I don't hesitate to spend a few bucks extra to get something I REALLY want, but the above article provides links to two services that will find Amazon items of a given price. For finding items to reach the $25 free shipping, I recommend the "superfiller". The program generates a _LOT_ of options for a given price, and if you can actually find something you genuinely want, it would actually be useful. Especially if your order initially comes to $24.82 and you can find an item for eighteen cents!

Use it or just get a giggle out of it, as you see fit.


----------



## Addie (Jun 10, 2009)

That's neat! I've never heard of that before, and I've had to wait before to order my stuff on Amazon because I wanted free shipping but didn't reach the right amount.
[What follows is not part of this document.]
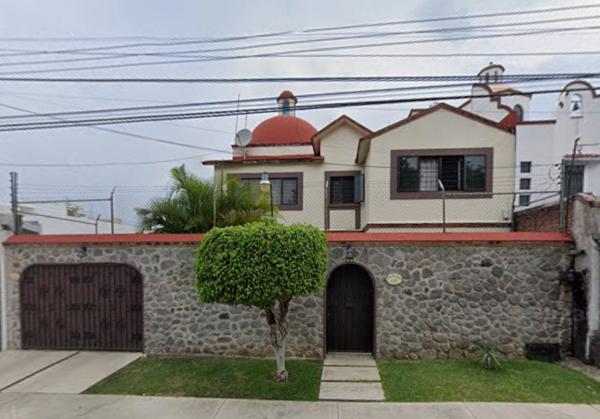 Residencia de gran dimensión con entrega inmediata — oportunidad  por debajo del valor comercial. JH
Thanks for letting us know!


----------



## drenee (Nov 11, 2008)

That is an interesting feature.  Fun to see what I can get for a couple dollars.
deb


----------



## Ruby296 (Nov 1, 2008)

I've searched for things to get over the $25 mark at times, this will make it so much easier!  Thank you very much for posting this


----------



## Anju  (Nov 8, 2008)

Thanks for the info Hooded!


----------



## LCEvans (Mar 29, 2009)

Thanks. Usually I go to my Amazon shopping list to find items I've looked at in the past and considered buying, but for the most part I then go way over the $25 limit.


----------



## Susan in VA (Apr 3, 2009)

This will come in very handy, thanks!


----------



## cheerio (May 16, 2009)

great site


----------



## kevindorsey (Mar 4, 2009)

That's nice.  I usually just look for a dvd when I need to get to $25.


----------



## raven312 (Jan 12, 2010)

Hah!!  Who knew?!  That's a great site and a time saver.  I shudder to think of how many times I hunted for something cheap that I could use, just for free shipping.


----------